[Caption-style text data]
--

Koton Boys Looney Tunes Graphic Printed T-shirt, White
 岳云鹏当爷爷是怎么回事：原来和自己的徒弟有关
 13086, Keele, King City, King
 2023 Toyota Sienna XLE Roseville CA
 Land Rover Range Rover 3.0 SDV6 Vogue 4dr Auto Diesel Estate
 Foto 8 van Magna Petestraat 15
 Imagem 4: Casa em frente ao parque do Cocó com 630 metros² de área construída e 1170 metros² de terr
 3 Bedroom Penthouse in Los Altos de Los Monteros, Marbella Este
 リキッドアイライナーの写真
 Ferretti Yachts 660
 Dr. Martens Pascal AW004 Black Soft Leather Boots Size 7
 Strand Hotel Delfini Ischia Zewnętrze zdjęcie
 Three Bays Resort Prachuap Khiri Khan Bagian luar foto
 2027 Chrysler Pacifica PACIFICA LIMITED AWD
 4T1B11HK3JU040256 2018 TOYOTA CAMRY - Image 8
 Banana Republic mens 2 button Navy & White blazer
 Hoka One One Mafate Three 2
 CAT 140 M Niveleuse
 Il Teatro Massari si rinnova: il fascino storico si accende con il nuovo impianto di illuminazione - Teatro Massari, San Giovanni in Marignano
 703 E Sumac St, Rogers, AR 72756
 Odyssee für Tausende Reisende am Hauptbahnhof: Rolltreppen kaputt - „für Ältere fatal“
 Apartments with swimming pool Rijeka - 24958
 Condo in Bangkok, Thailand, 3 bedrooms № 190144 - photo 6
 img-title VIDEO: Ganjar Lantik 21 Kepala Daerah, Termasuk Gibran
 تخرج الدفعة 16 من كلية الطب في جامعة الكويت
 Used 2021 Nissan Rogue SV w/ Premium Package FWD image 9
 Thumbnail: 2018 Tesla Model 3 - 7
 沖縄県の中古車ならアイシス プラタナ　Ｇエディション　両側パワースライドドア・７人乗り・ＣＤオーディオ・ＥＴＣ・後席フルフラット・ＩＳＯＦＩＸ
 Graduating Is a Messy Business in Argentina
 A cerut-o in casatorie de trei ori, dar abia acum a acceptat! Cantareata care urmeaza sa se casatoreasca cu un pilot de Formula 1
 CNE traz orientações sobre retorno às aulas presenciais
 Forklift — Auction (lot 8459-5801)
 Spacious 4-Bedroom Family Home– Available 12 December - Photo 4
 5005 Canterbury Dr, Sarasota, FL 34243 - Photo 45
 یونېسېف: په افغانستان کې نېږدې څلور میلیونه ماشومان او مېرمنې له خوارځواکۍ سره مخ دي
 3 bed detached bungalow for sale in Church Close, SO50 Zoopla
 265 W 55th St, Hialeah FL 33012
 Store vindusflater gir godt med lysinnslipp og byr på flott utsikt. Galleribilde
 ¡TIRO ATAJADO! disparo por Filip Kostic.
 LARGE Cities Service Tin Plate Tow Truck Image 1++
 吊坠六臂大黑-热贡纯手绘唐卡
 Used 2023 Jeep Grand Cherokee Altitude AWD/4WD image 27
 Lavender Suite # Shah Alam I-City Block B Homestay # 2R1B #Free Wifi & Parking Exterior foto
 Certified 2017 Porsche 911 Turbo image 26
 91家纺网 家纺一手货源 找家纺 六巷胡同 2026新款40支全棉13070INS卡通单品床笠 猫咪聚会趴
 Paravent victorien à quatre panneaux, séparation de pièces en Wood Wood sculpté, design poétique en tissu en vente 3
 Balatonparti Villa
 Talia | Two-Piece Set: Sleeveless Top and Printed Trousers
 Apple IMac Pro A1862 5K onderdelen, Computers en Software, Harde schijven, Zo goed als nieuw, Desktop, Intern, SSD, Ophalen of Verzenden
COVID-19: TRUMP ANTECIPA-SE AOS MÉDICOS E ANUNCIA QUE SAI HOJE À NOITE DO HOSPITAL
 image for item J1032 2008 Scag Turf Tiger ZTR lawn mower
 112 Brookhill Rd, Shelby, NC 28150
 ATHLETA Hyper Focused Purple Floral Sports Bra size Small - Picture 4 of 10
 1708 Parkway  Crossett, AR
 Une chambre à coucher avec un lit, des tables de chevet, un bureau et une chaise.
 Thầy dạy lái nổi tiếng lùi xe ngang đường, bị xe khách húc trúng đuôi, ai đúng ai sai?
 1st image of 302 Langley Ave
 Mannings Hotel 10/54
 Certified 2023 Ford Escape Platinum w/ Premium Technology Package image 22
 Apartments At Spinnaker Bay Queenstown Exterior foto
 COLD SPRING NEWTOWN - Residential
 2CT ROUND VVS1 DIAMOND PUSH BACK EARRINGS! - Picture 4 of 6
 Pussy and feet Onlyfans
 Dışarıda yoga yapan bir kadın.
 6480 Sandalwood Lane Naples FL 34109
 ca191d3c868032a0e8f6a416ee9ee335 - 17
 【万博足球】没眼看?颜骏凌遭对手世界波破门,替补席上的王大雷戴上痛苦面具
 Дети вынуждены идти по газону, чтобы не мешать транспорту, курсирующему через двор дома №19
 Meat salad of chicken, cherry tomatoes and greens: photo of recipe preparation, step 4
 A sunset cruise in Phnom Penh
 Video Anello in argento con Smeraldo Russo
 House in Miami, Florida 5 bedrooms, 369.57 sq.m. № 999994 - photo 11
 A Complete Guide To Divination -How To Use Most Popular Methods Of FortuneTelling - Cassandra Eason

--

- **WHAT THIS TASK INVOLVES**
Beginning at the line above that contains "2023 Toyota Sienna XLE Roseville CA", return each line exactly through the line that contains "Used 2021 Nissan", and no others.

- **ANSWER TO THIS PROBLEM**
 2023 Toyota Sienna XLE Roseville CA
 Land Rover Range Rover 3.0 SDV6 Vogue 4dr Auto Diesel Estate
 Foto 8 van Magna Petestraat 15
 Imagem 4: Casa em frente ao parque do Cocó com 630 metros² de área construída e 1170 metros² de terr
 3 Bedroom Penthouse in Los Altos de Los Monteros, Marbella Este
 リキッドアイライナーの写真
 Ferretti Yachts 660
 Dr. Martens Pascal AW004 Black Soft Leather Boots Size 7
 Strand Hotel Delfini Ischia Zewnętrze zdjęcie
 Three Bays Resort Prachuap Khiri Khan Bagian luar foto
 2027 Chrysler Pacifica PACIFICA LIMITED AWD
 4T1B11HK3JU040256 2018 TOYOTA CAMRY - Image 8
 Banana Republic mens 2 button Navy & White blazer
 Hoka One One Mafate Three 2
 CAT 140 M Niveleuse
 Il Teatro Massari si rinnova: il fascino storico si accende con il nuovo impianto di illuminazione - Teatro Massari, San Giovanni in Marignano
 703 E Sumac St, Rogers, AR 72756
 Odyssee für Tausende Reisende am Hauptbahnhof: Rolltreppen kaputt - „für Ältere fatal“
 Apartments with swimming pool Rijeka - 24958
 Condo in Bangkok, Thailand, 3 bedrooms № 190144 - photo 6
 img-title VIDEO: Ganjar Lantik 21 Kepala Daerah, Termasuk Gibran
 تخرج الدفعة 16 من كلية الطب في جامعة الكويت
 Used 2021 Nissan Rogue SV w/ Premium Package FWD image 9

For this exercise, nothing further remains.